However, this seizure of political power by the bourgeoisie would lead to economic disadvantages with the passing of laws that questioned the form of this nascent capitalism: encouragement of the formation of monopolies, sources of price increases and protectionism, an increase in public spending and therefore in taxes, and privileges granted to new beneficiaries. Moreover, quite rapidly, cities would lose their influence, both because the increase in the size of companies would force them to settle outside the cities, as the lords saw their incomes increase when they, in turn, became entrepreneurs, and because the cities of southern Europe were facing devastating competition.

We will have the opportunity to explain that, for Weber, this profound transformation went hand in hand with the appearance of Protestantism and the precepts that this religion inculcated in its followers.

1.4. The nascent authority of state bureaucracy

Weber was very interested in the concept of domination, which is one of the characteristics of any society. Ever since they were formed into groups, whatever their nature, people have been constantly tearing each other apart. In any human community, domination reflects the existence of the roles of the dominant and of the dominated. Weber explained that the dominated accept the orders of the dominant because of the consideration of the legitimacy of the latter. “The most decisive factor that determines obedience is the belief in the legitimacy of dominance”.
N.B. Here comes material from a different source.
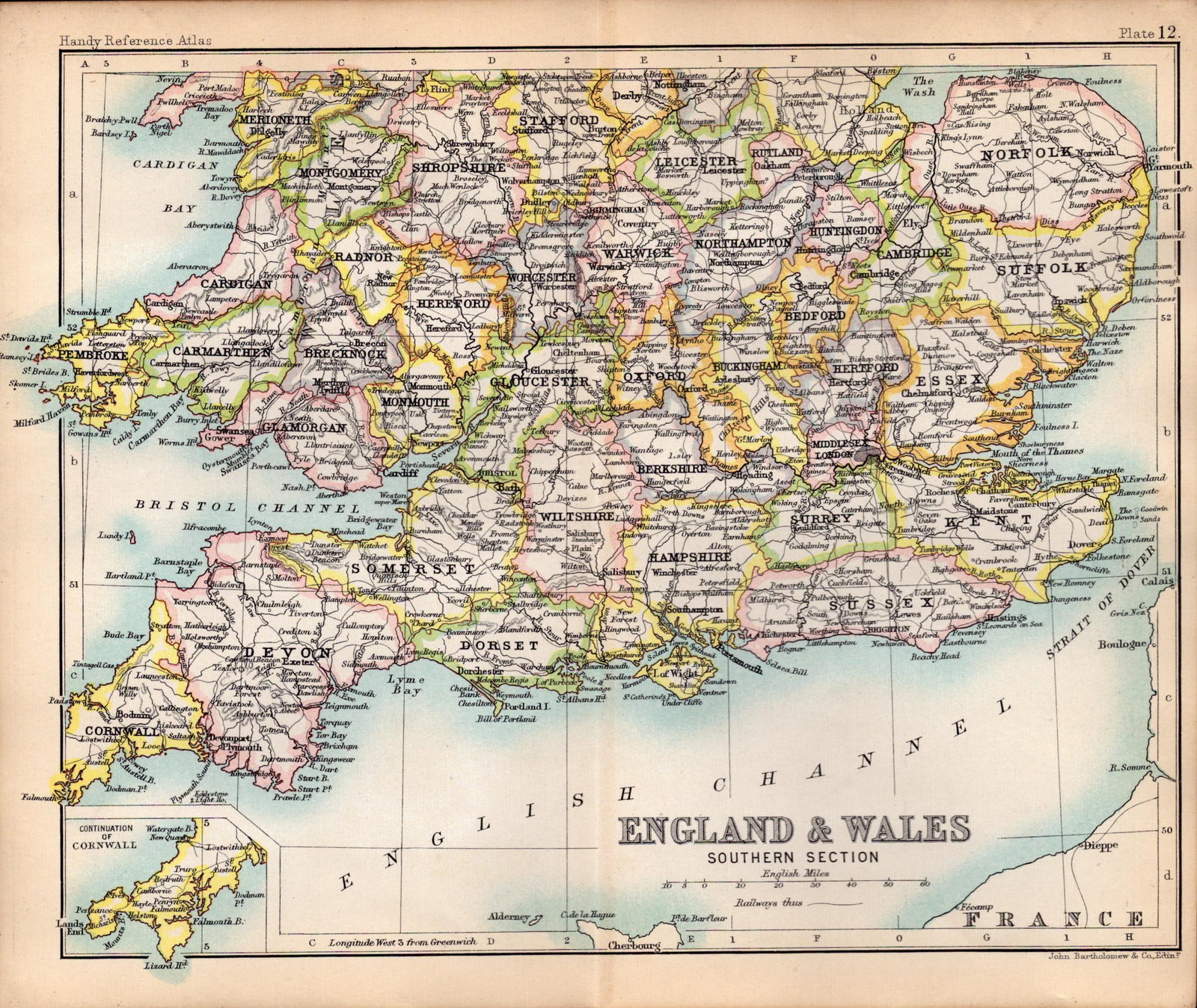 England & Wales South Area Double Sided Antique 1896 Map.: Title: England & Wales South Area Double Sided Antique 1896 Map. Description: This Antique Double-Sided Map Has Been Removed From an. 1896 Edition Handy Reference Atlas by J. G. Bartholomew.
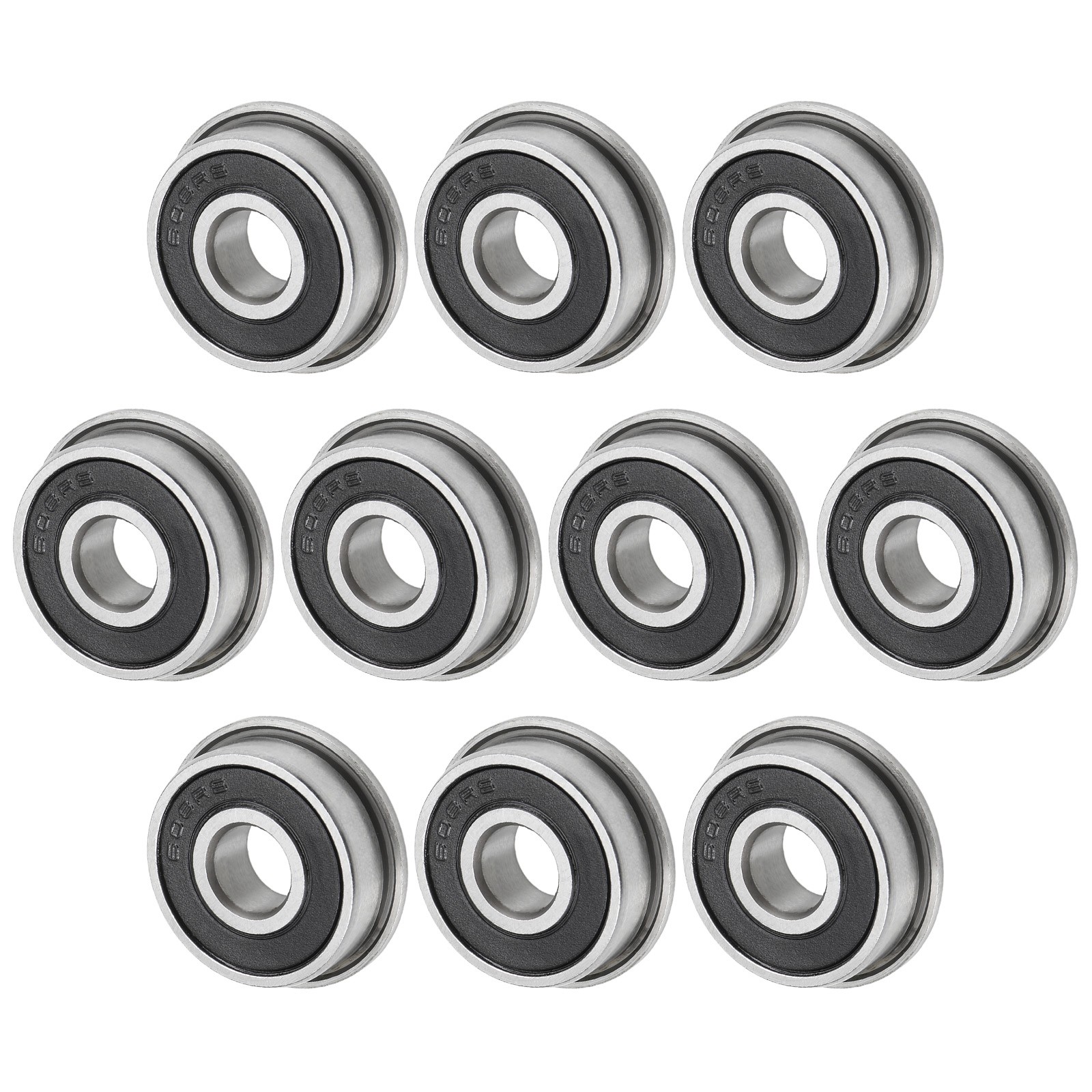 10pcs F608-2RS Ball Bearings with Flange, 8x22x7mm for Chrome Steel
The Austrian author presented three forms of legitimate domination, which each stem from three causes. The first is charismatic: one follows the personality of a leader whose exceptional qualities are admired and who is obeyed according to the prestige they exercise over other people who show devotion to them, sometimes even to the point of sacrifice. The second is traditional: one obeys injunctions that one is accustomed to accept. The third is traditional-legal, regulatory and rational: one follows impersonal hierarchical orders.

Weber’s great contribution to this question was to analyze the transition of societies from an organization based on traditional legitimacy to societies where authority is imposed either by the influence of the charisma of individuals who exercise power, or through the exercise of reason which becomes the driving force of individual and collective action, by the process of rationalization of social activities, with people and societies being within the framework of this rationality, guided either by objectives or by values.

For a long time, domination was patrimonial. In modern capitalism, it was legal-rational domination with perfectly defined codes and rules that would impose itself in the hands of the state, allowing it to hold the monopoly of legitimate constraint under the influence of the bureaucracy whose meaning is difficult to define. Indeed, for many liberals, bureaucracy corresponds to the socialist ideal of socialism, whereas in reality, this notion seems to mean an attack on individual initiative. In any case, the people in charge of state bureaucracy saw the nature of their activities change. It must be determined whether the advantages of these new activities outweigh their disadvantages.